In an attempt to solve the problems of stability of conventional O/W emulsions, “ultrafine” O/W emulsions have been proposed in which the mean size of the globules constituting the oily phase is within highly specific limits, namely between 50 and 1000 nm. Such ultrafine O/W emulsions are generally obtained according to a phase-inversion emulsification technique.

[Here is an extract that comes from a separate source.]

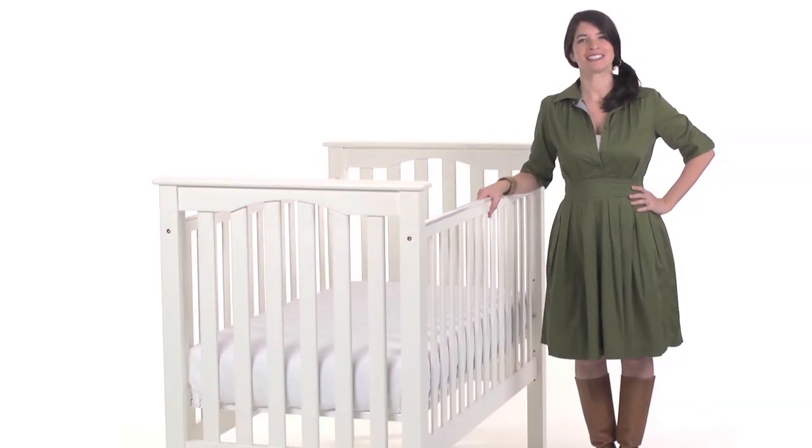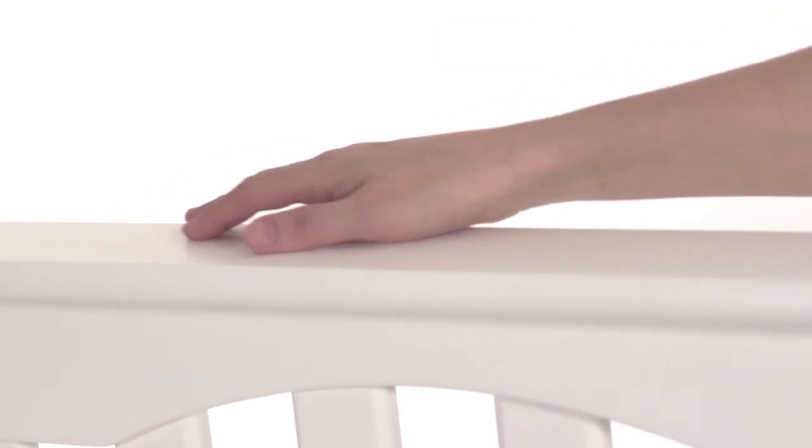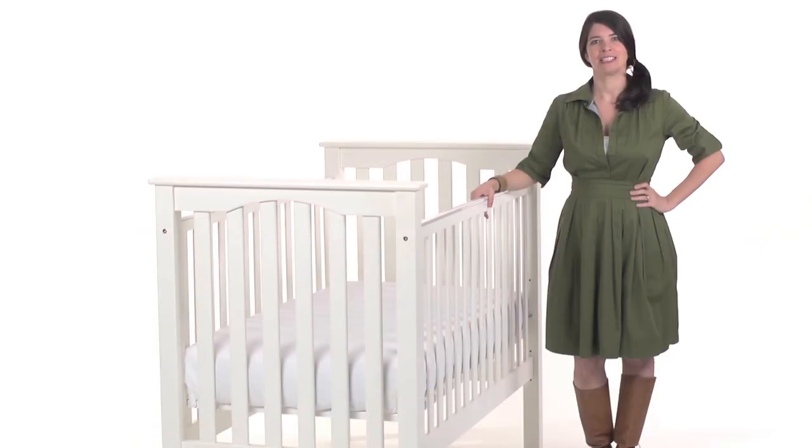This is the Pottery Barn Kids best-selling Kendall Crib. The Kendall Crib is crafted of solid wood with mortise and tenon joinery for structural integrity. Our exclusive finishes are applied by hand for exceptional richness, durability, and depth of color.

This technique is, in its principle, well known to a person skilled in the art and is described in particular in the articles “Phase Inversion Emulsification”, by Th. Forster et al., which appeared in Cosmetics & Toiletries, Vol. 106, December 1991, pp. 49–52; and “Application of the phase-inversion-temperature method to the emulsification of cosmetics” by T. Mitsui et al., which appeared in American Cosmetics and Perfumery, Vol. 87, December 1972. The principle of this technique is as follows: a W/O emulsion (introduction of the aqueous phase into the oily phase) is prepared at a temperature which is greater than the phase inversion temperature (PIT) of the system, that is to say the temperature at which the equilibrium between the hydrophilic and lipophilic properties of the emulsifier or emulsifiers employed is reached; at high temperature, that is to say greater than the phase inversion temperature (>PIT), the emulsion is of water-in-oil type and, during its cooling, this emulsion inverts at the phase inversion temperature to become an emulsion of oil-in-water type, this inversion being achieved because the emulsion is previously passed through a microemulsion state.

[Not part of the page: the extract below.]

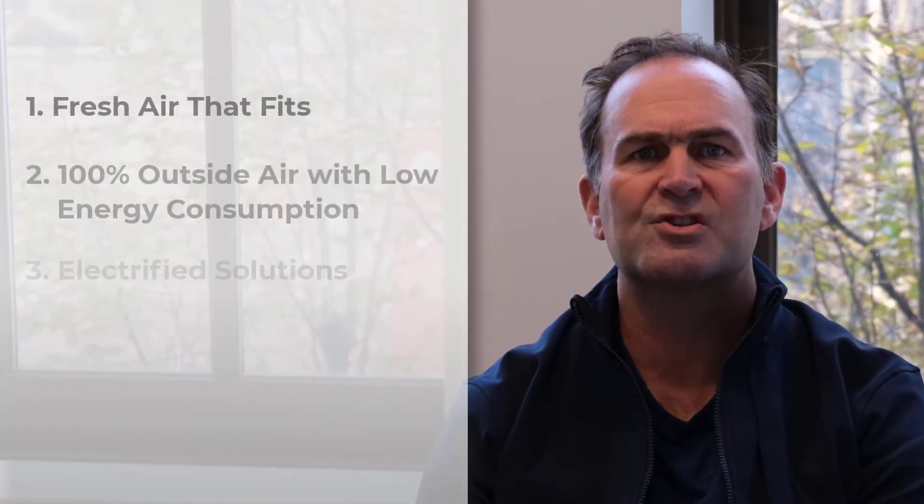Hi, my name is James Dean and I'm the founder and CEO of Oxygen8, where we provide 100% fresh air ventilation systems with very low energy consumption. We're excited to provide you with a line of high efficiency ERVs and dedicated outside air systems, and I'm here to share with you the 5 key unique selling points of the Oxygen8 systems.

These ultrafine emulsions are generally extremely fluid. They have a bluish appearance and may be translucent. However, these emulsions are precarious and still present a number of stability problems. In particular, phenomena of creaming and/or of phase separation are observed after several freezing cycles, as well as the appearance of whorls and/or deposits which are difficult to identify.

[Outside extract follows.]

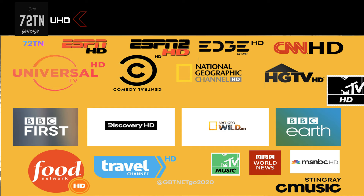The first one is ESPN HD, then you've got ESPN2, then Edge Sport HD, CNN HD, Universal TV HD, Comedy Central HD, National Geographic, HGTV, and then MTV. MTV is actually HD, which is quite surprising.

One of the parameters strongly influencing the stability of O/W emulsions is the size of the dispersed oil droplets, which size is related to the surface tension between the noncontinuous (oily) phase and the continuous (aqueous) phase. The smaller the size of the oil droplets, the lower the surface tension and the greater the stability of the emulsion.
It is known to gel this type of emulsion for the purposes of improving its stability and of widening the range of viscosities, so as to be able to use it in any cosmetic and dermatological field, and of diversifying its textures, in order to adapt them to any skin type.
Unfortunately, the gelling agents commonly used in cosmetics generally have a poor performance in this type of composition. Furthermore, some gelling agents are incompatible with this type of emulsion. Generally, conventional gelling agents do not make it possible to homogeneously thicken emulsions obtained by phase inversion and to stabilize them in different viscosity ranges. In addition, owing to the fact that these gelling agents thicken the compositions, they do not make it possible to obtain compositions having the fluidity desired for certain uses, for example for being used in the form of a spray.
The need thus remains for ultrafine emulsions which can be very fluid while having satisfactory stability. The term “satisfactory stability” is understood to mean that the oil globules remain well distributed in the continuous aqueous phase without phase separation or whorling or deposition or creaming or any other emulsion instability phenomenon occurring.